Nebraska's law is notable because it covers many more activities than other recent baby FARA laws. Whereas most so far focus on those engaged in lobbying and election-related activities on behalf of foreign principals, Nebraska's adopts the federal FARA statute's definition of "covered activities," including many public affairs efforts and fundraising on behalf of a foreign principal in an adversary nation. At the same time, the law contains none of the exemptions most commonly relied upon at the federal level, such as FARA's exemptions for lobbying registrants or activities conducted for commercial or humanitarian purposes.

Texas

HB 119
Effective: Sept. 1, 2025

Finally, Texas requires any person who lobbies on behalf of a "foreign adversary, a foreign adversary client, or a foreign adversary political party" to register with the Texas Ethics Commission. Notably, "lobbying" includes any attempt to directly communicate with state officials to influence legislative or administrative action, including communications that do not reference specific legislation or administrative action if a communication is intended to generate or maintain goodwill for future influence. "Foreign adversaries" includes China, Russia, Cuba, Iran, North Korea, and the Maduro regime of Venezuela; political parties in those countries; any entity under the control of or wholly or partly owned or operated by those countries and their subsidiaries; any entity organized or having their principal place of business in those countries or their subsidiaries; and certain current and former public officials of those countries, their immediate family members, and entities formed by those officials or their benefit.

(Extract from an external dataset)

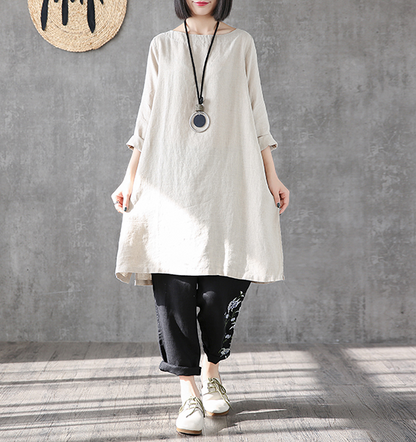 Summer  Spring Linen Women loose Dresses DZA05169 VPPBUY shop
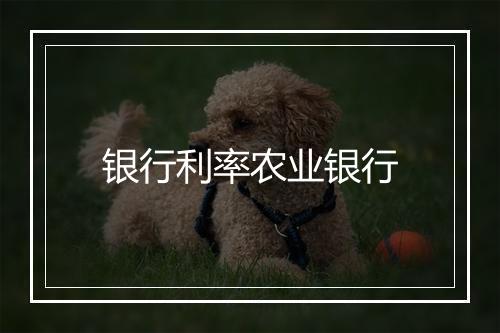 银行利率农业银行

The Texas law also prohibits any registrant from receiving compensation from a foreign adversary for which they lobby.

All of the state FARA laws are brand new, and states are still working on regulations and guidance materials to further explain how the statutes will be implemented and enforced. There are also significant constitutional considerations at play, including whether such laws violate protections for free speech, due process, interstate commerce, or federal preemption of state law. Accordingly, Venable’s Nonprofit and Political Law Group is closely tracking all developments. Please contact us for more information about how these laws may apply to your organization or your efforts to engage with state officials on existing or forthcoming baby FARA laws.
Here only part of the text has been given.